■ **WHAT YOU HAVE TO DO**
Restate, word for word and with no pictures, the stretch of lines in the data below that begins at the line with "Se vende casa" and ends at the line with "Two-Bedroom Holiday Home", inclusive.

■ **EXERCISE DATA**

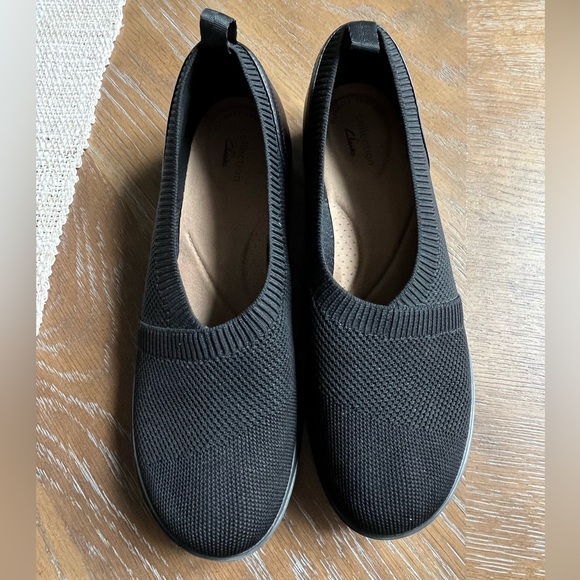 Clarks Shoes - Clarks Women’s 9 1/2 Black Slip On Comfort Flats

* * *

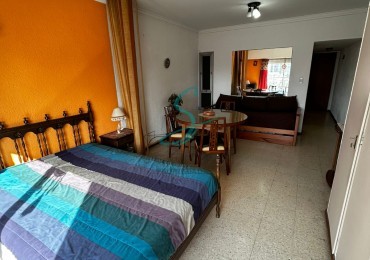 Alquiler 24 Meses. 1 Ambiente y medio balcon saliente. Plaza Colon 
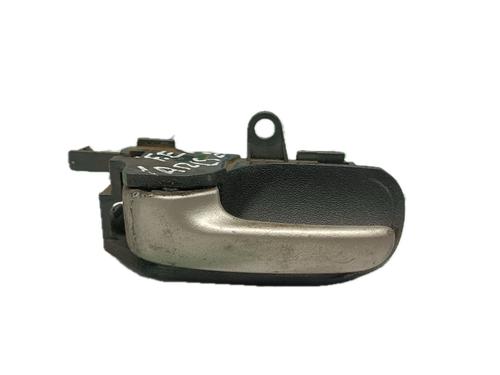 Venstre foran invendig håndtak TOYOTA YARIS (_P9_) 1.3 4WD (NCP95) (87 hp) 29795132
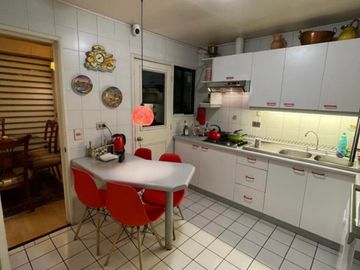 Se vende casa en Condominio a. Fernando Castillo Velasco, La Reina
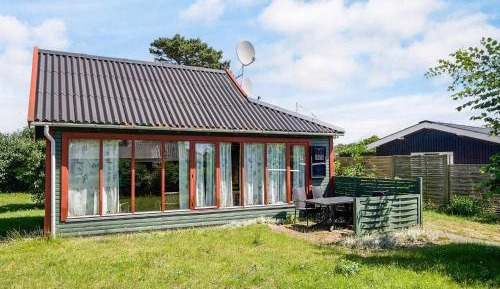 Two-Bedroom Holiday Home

■ **EXERCISE RESPONSE**
 Se vende casa en Condominio a. Fernando Castillo Velasco, La Reina
 Two-Bedroom Holiday Home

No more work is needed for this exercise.